普段器はまず、素焼きをした後に、内がけといって器の内側部分に先に釉薬をかけ、その後に外側部分を絵付けすることが多いです。
これは外側に絵付けした絵を保護するために(呉須で絵付けをして乾いても、上からうっかり擦ったりすると絵がにじんだり薄くなったりするため)、あらかじめ内側の作業を先に済ませてしまうという事なのです。
この菓子鉢の場合はその順番が異なって、まず素焼きの後に内側に呉須で絵付けをしました。
それから内側に釉薬をかけ、その後に外側に呉須絵付けをします。絵付けの後に外側にも釉薬をかけて本焼きをします。呉須の絵付けのみで仕上げる作品の場合はここで完成です。
この作品にはその後さらに色絵を施しています。
色絵の絵の具は、以前にも描きましたが溶いた片栗粉のような状態です。
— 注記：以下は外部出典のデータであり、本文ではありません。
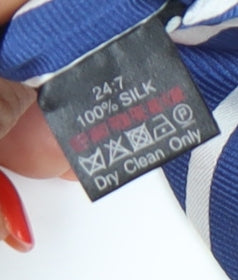 Jeff Banks Men's Blue Striped Silk Tie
ガラス質の球面の上に置くように塗ってゆくのですが、これがなかなか根気の必要な作業です。
フラットな状態じゃないと流れてしまうので、器をそのような角度(絵を描こうと思う部分を上に平らにする)で固定し、フラットになる部分だけ作業します。
早く作業しすぎると流れてしまうので、少しずつ塗っては乾かし、乾いたら器の位置を回転させて、常に作業面が上面を向いているようにして作業を行います。なのですごく時間がかかります。
また、塗った部分をうっかり手で触ったりしないように気も使います。このため、日本画と同じように腕や手を置くための台を使って作業する事もあります。
色も焼き上がりと元の色が違うので(この話はまた後日)、色絵の窯から出るまで仕上がりも想像しにくい作品です。それだけにうまく作れた時の喜びは大きいものになります。